= Data =
-*-*-
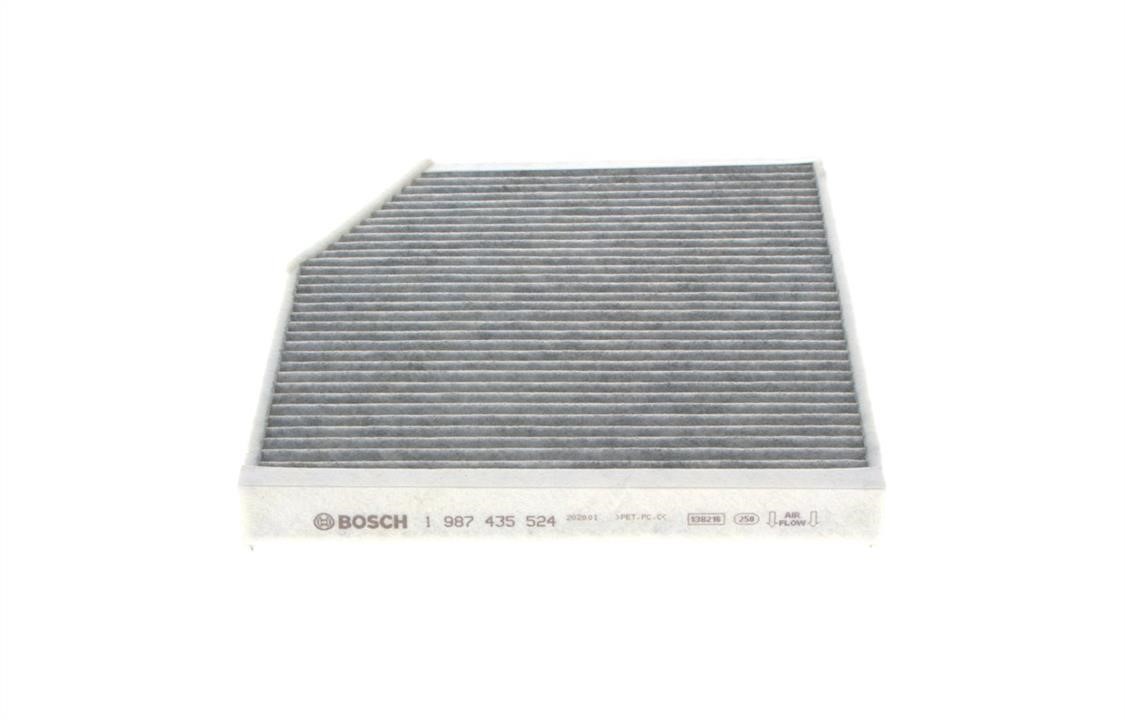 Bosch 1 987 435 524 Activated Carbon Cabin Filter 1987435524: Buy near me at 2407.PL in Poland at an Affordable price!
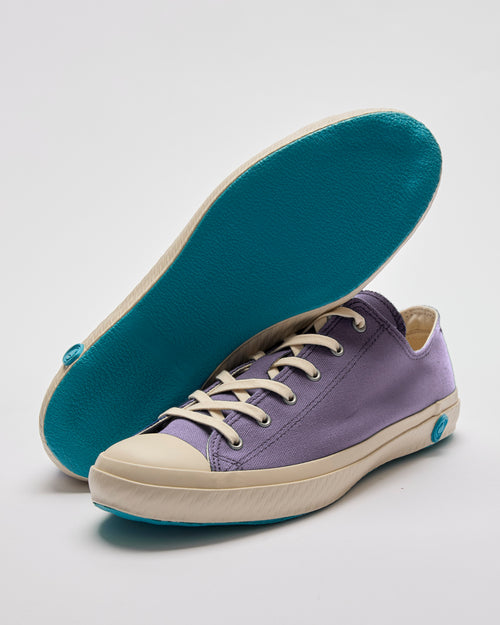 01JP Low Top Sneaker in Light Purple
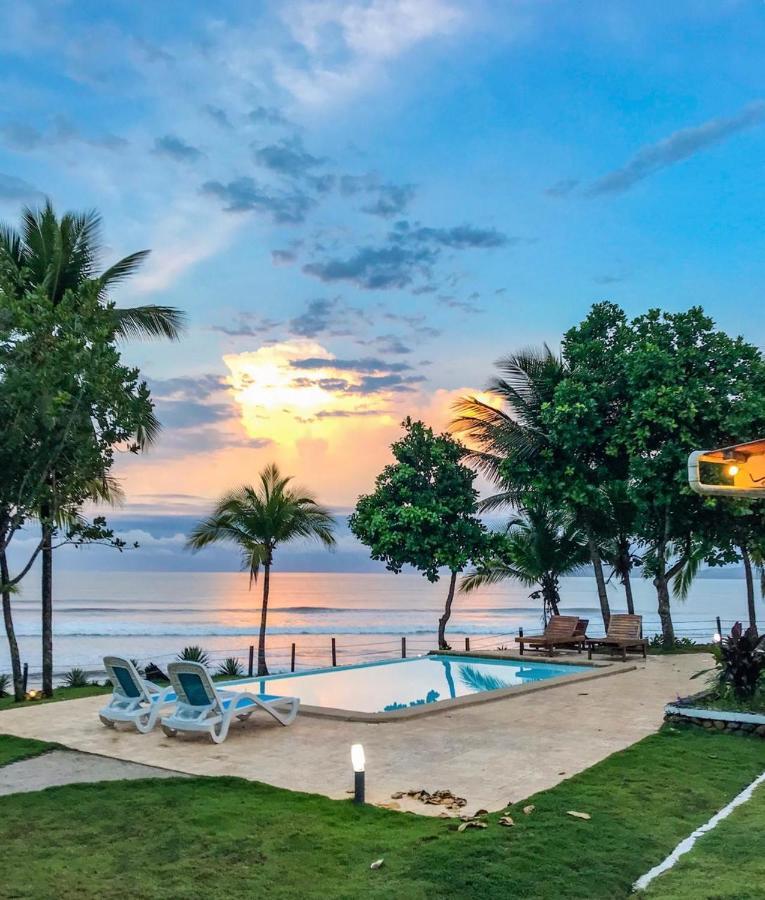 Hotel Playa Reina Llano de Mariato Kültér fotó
-*-*-
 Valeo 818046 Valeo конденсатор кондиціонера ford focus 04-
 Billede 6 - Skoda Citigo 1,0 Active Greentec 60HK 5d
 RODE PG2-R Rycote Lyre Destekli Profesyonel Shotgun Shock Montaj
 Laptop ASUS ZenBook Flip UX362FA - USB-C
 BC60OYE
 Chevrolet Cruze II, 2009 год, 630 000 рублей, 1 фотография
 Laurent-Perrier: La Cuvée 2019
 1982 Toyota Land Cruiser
-*-*-
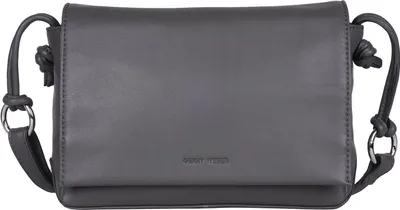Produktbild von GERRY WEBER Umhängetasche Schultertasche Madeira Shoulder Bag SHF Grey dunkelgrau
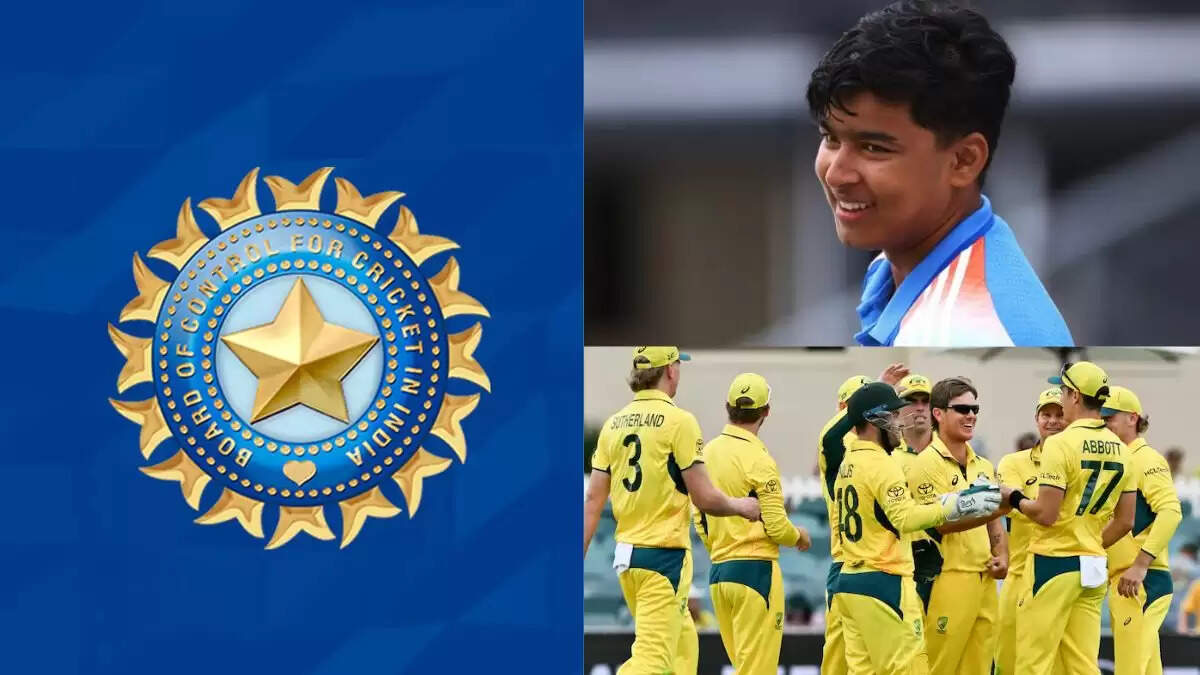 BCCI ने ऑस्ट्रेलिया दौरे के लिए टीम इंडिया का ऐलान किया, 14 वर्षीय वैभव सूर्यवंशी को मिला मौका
-*-*-
= Task goal =
Only the lines above from the one with "Laptop ASUS ZenBook Flip UX362FA - USB-C" through the one with "1982 Toyota Land Cruiser" should be duplicated, character for character.

= Answer for this exercise =
 Laptop ASUS ZenBook Flip UX362FA - USB-C
 BC60OYE
 Chevrolet Cruze II, 2009 год, 630 000 рублей, 1 фотография
 Laurent-Perrier: La Cuvée 2019
 1982 Toyota Land Cruiser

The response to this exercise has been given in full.